From: Muchun Song <songmuchun@bytedance.com>
To: guro@fb.com, hannes@cmpxchg.org, mhocko@kernel.org,
akpm@linux-foundation.org, shakeelb@google.com,
vdavydov.dev@gmail.com
Cc: linux-kernel@vger.kernel.org, linux-mm@kvack.org,
duanxiongchun@bytedance.com,
Muchun Song <songmuchun@bytedance.com>
Subject: [RFC PATCH 06/15] mm: memcontrol: move the objcg infrastructure out of CONFIG_MEMCG_KMEM
Date: Tue, 30 Mar 2021 18:15:22 +0800 [thread overview]
Message-ID: <20210330101531.82752-7-songmuchun@bytedance.com> (raw)

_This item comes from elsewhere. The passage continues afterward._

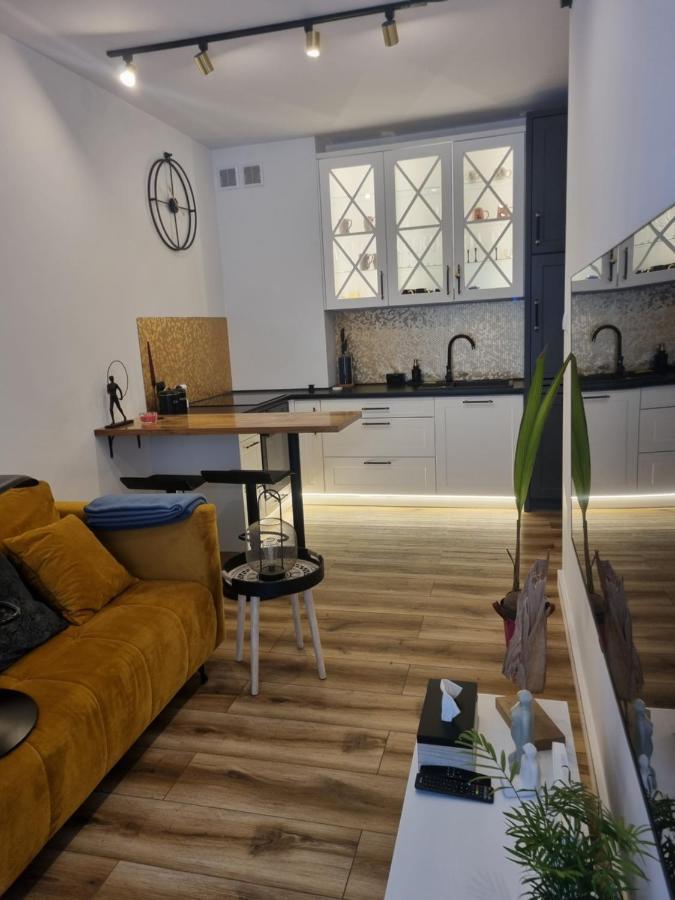 Apartament Wyspianski Sanok Exterior foto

In-Reply-To: <20210330101531.82752-1-songmuchun@bytedance.com>
Because memory allocations pinning memcgs for a long time - it exists
at a larger scale and is causing recurring problems in the real world:
page cache doesn't get reclaimed for a long time, or is used by the
second, third, fourth, ... instance of the same job that was restarted
into a new cgroup every time. Unreclaimable dying cgroups pile up,
waste memory, and make page reclaim very inefficient.

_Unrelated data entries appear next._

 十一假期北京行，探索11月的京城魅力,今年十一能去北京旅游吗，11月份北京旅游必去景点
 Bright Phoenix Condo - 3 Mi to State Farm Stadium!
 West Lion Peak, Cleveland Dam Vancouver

We can convert LRU pages and most other raw memcg pins to the objcg
direction to fix this problem, and then the page->memcg will always
point to an object cgroup pointer.
Therefore, the infrastructure of objcg no longer only serves
CONFIG_MEMCG_KMEM. In this patch, we move the infrastructure of the
objcg out of the scope of the CONFIG_MEMCG_KMEM so that the LRU pages
can reuse it to charge pages.
We know that the LRU pages are not accounted at the root level. But the
page->memcg_data points to the root_mem_cgroup. So the page->memcg_data
of the LRU pages always points to a valid pointer. But the root_mem_cgroup
dose not have an object cgroup. If we use obj_cgroup APIs to charge the
LRU pages, we should set the page->memcg_data to a root object cgroup. So
we also allocate an object cgroup for the root_mem_cgroup and introduce
root_obj_cgroup to cache its value just like root_mem_cgroup.

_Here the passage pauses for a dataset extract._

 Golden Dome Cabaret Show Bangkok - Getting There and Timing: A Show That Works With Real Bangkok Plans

Signed-off-by: Muchun Song <songmuchun@bytedance.com>
---
include/linux/memcontrol.h | 4 ++-
mm/memcontrol.c | 71 +++++++++++++++++++++++++++++++++++++---------
2 files changed, 60 insertions(+), 15 deletions(-)
diff --git a/include/linux/memcontrol.h b/include/linux/memcontrol.h
index 6e3283828391..463fc7b78396 100644
--- a/include/linux/memcontrol.h
+++ b/include/linux/memcontrol.h
@@ -205,7 +205,9 @@ struct memcg_cgwb_frn {
struct obj_cgroup {
struct percpu_ref refcnt;
struct mem_cgroup *memcg;
+#ifdef CONFIG_MEMCG_KMEM
atomic_t nr_charged_bytes;
+#endif
union {
struct list_head list;
struct rcu_head rcu;
@@ -303,9 +305,9 @@ struct mem_cgroup {
#ifdef CONFIG_MEMCG_KMEM
int kmemcg_id;
enum memcg_kmem_state kmem_state;
+#endif
struct obj_cgroup __rcu *objcg;
struct list_head objcg_list; /* list of inherited objcgs */
-#endif
MEMCG_PADDING(_pad2_);
diff --git a/mm/memcontrol.c b/mm/memcontrol.c
index fdabe12e9df0..0107f23e7035 100644
--- a/mm/memcontrol.c
+++ b/mm/memcontrol.c
@@ -75,6 +75,7 @@ struct cgroup_subsys memory_cgrp_subsys __read_mostly;
EXPORT_SYMBOL(memory_cgrp_subsys);
struct mem_cgroup *root_mem_cgroup __read_mostly;
+static struct obj_cgroup *root_obj_cgroup __read_mostly;
/* Active memory cgroup to use from an interrupt context */
DEFINE_PER_CPU(struct mem_cgroup *, int_active_memcg);
@@ -252,9 +253,14 @@ struct cgroup_subsys_state *vmpressure_to_css(struct vmpressure *vmpr)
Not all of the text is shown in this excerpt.